Francis Fukuyama, ADBI Dean Guide Post-Pandemic Infrastructure Policymaking
Tokyo, Japan – Renowned political scientist Francis Fukuyama of Stanford University and Asian Development Bank Institute (ADBI) Dean Tetsushi Sonobe assessed COVID-19’s implications for infrastructure policymaking and keys to navigating politically complex environments to achieve infrastructure breakthroughs vital to sustainable and inclusive recovery during an ADBI webinar.
The webinar capped off a four-week ADBI-Stanford University virtual training program to empower policy makers from developing Asia and the Pacific to implement reforms to boost “quality infrastructure” that promotes sustainable growth, job creation, improved living standards, and climate change mitigation.
“The region of the world that has been most successful by far in containing the virus has been East Asia…So, there is going to be a shift in economic and therefore political power to Asia.”
“Infrastructure is as much a governance problem and political problem as it is an economic and engineering problem.”
“There is going to be a big acceleration in the shift online that is really not going to change even when it becomes safe to travel and meet and have more direct human contact and that obviously has big implications for a lot of future investment in airports and other things.”
COVID-19 has added a new level of strain on government budgets…Inviting the private sector to invest in infrastructure is a good thing but it requires high profitability. Increasing profitability is another difficult problem that can be addressed only by hard work and ingenuity.”

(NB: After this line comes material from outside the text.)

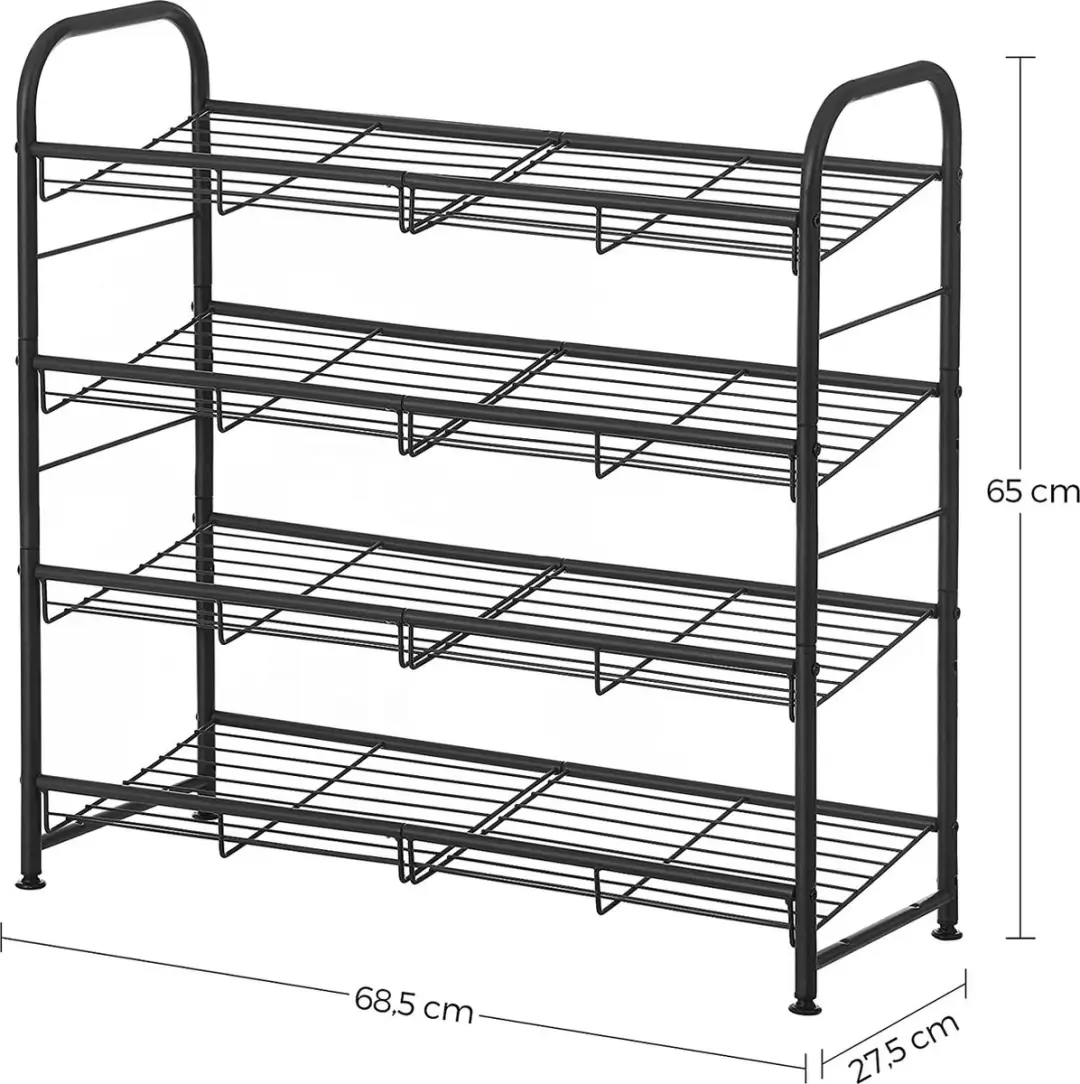 Songmics Schoenenrek 4-laags - 16 paar - Staal - 68,5x27,5x65cm - Zwart - afbeelding 6 van 6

Politics is critically important not only in competing with other political or policy priorities to get a larger portion of government budgets, but also in almost every part of the chain of decision making for quality infrastructure development. Economics alone cannot handle these difficult aspects.”
“Transportation and the construction of industrial zones will be strongly affected as a result of the pandemic. Infrastructure priorities and also the type and meaning of quality infrastructure may change.”
Asia and the Pacific will require $26 trillion in quality infrastructure financing over the next decade, according to the Asian Development Bank (ADB). The COVID-19 pandemic will result in up to $8.8 trillion in global losses, or 9.7% of GDP, ADB adds, further complicating the region’s infrastructure development outlook.